Internet, droit fondamental


Un bien commun

Le débat sur la loi Hadopi aura eu ce mérite de conduire à la reconnaissance de l'accès à Internet comme un droit. La censure du Conseil Constitutionnel le 10 juin dernier a effectivement mis en échec le projet de suspension de la connexion à Internet par une autorité administrative. Comme l'indique Patrick Bloche (PS), "le Conseil Constitutionnel a affirmé que la liberté de communication et d'expression nécessite désormais que soit reconnu un droit d'accès à Internet. Ce droit est ainsi devenu un droit fondamental dérivé de l'article 11 de la Déclaration des droits de l'homme et du citoyen de 1789. (...) Il est ainsi désormais reconnu que l'internaute, via Internet, est titulaire à la fois du droit de s'exprimer et de communiquer".
Internet devient alors un bien commun auquel il faut garantir la liberté d'accès. Se pose rapidement la question du rôle qu'est amenée à jouer Internet dans la diffusion du savoir culturel comme dans la vie politique. Les interventions médiatiques fustigeant Internet (celle de Jacques Séguéla est la plus fameuse, Internet étant pour le publicitaire "la pire saloperie que les hommes aient jamais inventée"...) se sont multipliées ces derniers temps. C'est oublier que dans ce débat particulier sur Hadopi, de nombreux internautes se sont passionnés pour la bataille politique et juridique qui se déroulait sous leur yeux, en suivant grâce à Internet le débat à l'Assemblée Nationale. Internet a engendré un processus de politisation insoupçonné. Ce n'est certainement pas le JT du soir qui permettra aujourd'hui d'assurer pleinement cette fonction d'information, de réflexion, de prise de conscience. De même, on aurait tort d'oublier qu'Internet permet l'exercice réel de la liberté d'expression par tous, comme le souligne Benjamin Bayart (président de French Data Network). Les autres médias ne donnent pas vraiment la possibilité de s'exprimer, ils donnent seulement accès (ou sont sensés donner accès...) à l'information. Ce qui fait dire à Benjamin Bayart : "L'imprimerie a permis au peuple de lire, Internet va lui permettre d'écrire".

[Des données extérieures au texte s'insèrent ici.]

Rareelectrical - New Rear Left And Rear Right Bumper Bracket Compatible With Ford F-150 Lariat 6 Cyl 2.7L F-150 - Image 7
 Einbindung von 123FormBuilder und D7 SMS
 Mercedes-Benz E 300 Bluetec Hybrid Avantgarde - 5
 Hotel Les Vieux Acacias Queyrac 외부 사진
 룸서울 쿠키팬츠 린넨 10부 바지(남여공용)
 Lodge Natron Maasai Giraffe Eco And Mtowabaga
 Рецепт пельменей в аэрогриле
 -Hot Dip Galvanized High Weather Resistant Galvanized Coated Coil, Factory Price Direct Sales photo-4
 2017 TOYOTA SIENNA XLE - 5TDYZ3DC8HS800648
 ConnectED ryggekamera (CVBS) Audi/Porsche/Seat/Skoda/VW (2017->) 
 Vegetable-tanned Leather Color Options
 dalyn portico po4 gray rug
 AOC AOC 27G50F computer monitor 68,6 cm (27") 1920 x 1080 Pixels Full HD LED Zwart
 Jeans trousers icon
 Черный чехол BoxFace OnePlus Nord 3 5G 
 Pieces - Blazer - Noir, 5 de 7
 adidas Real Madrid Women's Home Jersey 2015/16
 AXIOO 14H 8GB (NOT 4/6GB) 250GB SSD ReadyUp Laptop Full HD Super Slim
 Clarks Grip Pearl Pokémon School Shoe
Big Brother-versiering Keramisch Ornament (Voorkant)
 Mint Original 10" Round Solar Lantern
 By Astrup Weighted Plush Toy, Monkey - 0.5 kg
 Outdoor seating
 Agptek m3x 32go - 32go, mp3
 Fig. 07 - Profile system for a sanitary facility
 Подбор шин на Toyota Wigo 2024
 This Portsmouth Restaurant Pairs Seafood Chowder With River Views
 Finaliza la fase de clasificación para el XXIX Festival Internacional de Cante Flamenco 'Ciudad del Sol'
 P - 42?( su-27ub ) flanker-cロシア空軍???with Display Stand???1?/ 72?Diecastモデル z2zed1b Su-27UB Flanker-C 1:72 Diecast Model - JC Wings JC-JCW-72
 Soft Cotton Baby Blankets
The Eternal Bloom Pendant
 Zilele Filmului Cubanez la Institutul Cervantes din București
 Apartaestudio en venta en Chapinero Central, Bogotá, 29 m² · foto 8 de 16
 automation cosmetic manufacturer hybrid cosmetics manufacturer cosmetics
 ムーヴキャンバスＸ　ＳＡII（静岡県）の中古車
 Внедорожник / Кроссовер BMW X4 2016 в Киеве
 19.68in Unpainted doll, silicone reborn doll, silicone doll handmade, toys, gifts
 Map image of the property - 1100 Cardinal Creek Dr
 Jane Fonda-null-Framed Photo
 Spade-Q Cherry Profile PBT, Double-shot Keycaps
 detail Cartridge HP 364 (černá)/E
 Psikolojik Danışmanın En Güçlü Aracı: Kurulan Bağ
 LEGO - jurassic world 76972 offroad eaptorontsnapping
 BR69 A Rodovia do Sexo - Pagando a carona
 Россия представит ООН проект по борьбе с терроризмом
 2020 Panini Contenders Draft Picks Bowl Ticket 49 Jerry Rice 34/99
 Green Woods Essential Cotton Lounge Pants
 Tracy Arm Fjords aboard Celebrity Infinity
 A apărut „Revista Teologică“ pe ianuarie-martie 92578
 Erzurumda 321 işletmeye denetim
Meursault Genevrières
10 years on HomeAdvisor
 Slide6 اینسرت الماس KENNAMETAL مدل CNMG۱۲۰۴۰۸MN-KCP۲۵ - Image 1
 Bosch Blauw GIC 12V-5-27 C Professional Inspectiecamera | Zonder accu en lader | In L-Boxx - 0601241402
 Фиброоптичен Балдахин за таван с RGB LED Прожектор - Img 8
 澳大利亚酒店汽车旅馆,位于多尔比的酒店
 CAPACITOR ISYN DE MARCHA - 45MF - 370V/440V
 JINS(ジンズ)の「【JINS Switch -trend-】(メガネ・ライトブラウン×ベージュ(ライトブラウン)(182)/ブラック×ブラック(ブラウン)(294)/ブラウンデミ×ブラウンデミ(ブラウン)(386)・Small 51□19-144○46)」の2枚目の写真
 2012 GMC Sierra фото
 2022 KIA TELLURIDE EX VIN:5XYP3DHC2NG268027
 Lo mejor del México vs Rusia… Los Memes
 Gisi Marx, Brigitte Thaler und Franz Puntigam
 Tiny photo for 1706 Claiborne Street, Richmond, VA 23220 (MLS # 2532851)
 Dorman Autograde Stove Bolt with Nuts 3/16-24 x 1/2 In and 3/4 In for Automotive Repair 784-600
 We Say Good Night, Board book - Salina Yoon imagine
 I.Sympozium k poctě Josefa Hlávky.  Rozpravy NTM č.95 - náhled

De la neutralité du réseau

La neutralité du réseau est un enjeu essentiel de la bataille Hadopi, car elle a pour corollaire le respect de la liberté d'expression. Le réseau est neutre lorsqu'il n'y a aucune altération des contenus. Benjamin Bayart explique clairement l'enjeu de cette neutralité : "Comment savoir si le texte que je suis en train d'écrire sera bien reçu, non modifié, par mes lecteurs ? Comment savoir s'il sera modifié, et si oui par qui ? Moi, je vois bien ce texte tel que je l'ai posté. Tant qu'Internet est neutre, et que donc tout le monde voit le même Internet, alors tout le monde voit mon texte tel que je l'ai publié. Sitôt que le réseau n'est plus neutre, je n'ai aucun moyen de savoir ce que voit mon voisin. Donc, sur un réseau non-neutre, je ne peux pas exprimer librement ma pensée, et donc l'exercice pratique et réel de cette liberté est remis en cause". Ainsi, pour Benjamin Bayart, la bataille Hadopi n'est que le premier épisode dans ce combat mené pour la préservation de la liberté d'expression sur le net.